New World Trade Center skyscraper opens 16 years after 9/11 attacks

NEW YORK – A new World Trade Center skyscraper in New York City opened for business yesterday, after years of delay and a lack of funding.

The 80-story office building, known as 3 World Trade Center, rises to 1,079 feet (329 meters), marking the fifth-tallest building in New York City.

The tower, designed by Pritzker Prize-winning British architect Richard Rogers, becomes the second-to-last building to open on the 16-acre site where about 2,700 people were killed when hijacked airplanes crashed into the World Trade Center twin towers in the Sept. 11, 2001 terrorist attacks.

New York Governor Andrew Cuomo called the 3 World Trade Center “a soaring symbol of revitalization of downtown New York City and a testament to the enduring spirit of New Yorkers after 9/11.”

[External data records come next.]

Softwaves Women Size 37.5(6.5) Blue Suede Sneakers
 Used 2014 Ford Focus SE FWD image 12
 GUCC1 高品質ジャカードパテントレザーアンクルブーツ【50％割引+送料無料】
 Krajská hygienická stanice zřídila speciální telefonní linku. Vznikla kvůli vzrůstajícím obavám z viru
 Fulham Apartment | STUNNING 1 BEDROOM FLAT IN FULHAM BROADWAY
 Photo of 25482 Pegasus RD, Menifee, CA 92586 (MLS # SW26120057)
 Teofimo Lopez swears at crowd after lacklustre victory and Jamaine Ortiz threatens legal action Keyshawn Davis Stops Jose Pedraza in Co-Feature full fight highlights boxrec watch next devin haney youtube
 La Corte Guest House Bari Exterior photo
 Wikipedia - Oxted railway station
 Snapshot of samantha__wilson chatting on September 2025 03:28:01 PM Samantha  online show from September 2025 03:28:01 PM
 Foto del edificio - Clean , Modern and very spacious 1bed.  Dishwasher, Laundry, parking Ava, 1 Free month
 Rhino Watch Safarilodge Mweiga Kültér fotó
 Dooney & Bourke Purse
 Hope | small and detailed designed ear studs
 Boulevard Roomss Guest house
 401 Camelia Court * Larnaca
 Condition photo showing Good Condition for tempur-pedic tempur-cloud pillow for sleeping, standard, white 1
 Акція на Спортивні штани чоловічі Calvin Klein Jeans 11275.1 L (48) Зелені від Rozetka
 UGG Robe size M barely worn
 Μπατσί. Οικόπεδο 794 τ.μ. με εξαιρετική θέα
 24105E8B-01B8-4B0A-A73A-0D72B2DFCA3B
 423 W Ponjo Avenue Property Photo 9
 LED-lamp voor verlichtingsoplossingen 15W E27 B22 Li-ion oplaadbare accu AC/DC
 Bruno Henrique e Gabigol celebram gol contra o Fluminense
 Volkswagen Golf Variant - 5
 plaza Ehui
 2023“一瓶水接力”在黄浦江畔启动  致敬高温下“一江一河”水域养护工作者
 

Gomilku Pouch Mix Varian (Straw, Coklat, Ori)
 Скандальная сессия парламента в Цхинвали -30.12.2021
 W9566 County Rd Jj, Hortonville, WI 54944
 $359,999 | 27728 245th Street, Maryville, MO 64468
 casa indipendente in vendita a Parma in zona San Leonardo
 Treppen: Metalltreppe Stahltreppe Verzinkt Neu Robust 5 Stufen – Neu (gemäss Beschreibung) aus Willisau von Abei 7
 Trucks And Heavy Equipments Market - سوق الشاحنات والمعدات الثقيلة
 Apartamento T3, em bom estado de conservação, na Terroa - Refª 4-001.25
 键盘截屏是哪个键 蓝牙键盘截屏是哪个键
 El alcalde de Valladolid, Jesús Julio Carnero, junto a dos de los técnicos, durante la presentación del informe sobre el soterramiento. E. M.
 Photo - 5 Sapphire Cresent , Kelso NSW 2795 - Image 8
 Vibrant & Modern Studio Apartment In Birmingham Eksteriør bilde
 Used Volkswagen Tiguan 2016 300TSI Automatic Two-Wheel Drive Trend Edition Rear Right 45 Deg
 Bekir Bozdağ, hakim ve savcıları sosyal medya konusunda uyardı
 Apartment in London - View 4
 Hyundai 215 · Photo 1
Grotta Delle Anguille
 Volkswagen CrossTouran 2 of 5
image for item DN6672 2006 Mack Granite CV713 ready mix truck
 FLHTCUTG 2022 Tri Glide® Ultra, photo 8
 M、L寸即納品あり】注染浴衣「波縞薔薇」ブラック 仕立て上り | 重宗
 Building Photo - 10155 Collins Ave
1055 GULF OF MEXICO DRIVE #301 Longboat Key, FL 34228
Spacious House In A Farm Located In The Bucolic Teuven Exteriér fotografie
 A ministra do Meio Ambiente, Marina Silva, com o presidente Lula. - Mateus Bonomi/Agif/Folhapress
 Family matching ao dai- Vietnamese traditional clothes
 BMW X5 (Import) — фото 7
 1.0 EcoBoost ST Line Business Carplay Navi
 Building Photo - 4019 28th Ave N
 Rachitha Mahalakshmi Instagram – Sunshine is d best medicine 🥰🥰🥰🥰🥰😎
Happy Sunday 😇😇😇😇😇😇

Around 40 percent of the office spaces in the building, which features column-free stories equipped with full-height glass windows, have been leased, Larry Silverstein, Chairman of trade center developer Silverstein Properties, said at the ribbon-cutting ceremony.

Tenants include media investment firm GroupM, stock exchange company IEX, and management consulting firm McKinsey.

Since the Sept. 11 attacks, efforts to rebuild the World Trade Center have been stalled by disputes among government agencies, the developer, insurers and the victims’ families who wanted the entire site to be preserved as a memorial.

CEO of Silverstein Properties, Marty Burger, called this new tower “phenomenal” as it is sitting on one of the best transportation systems in the world.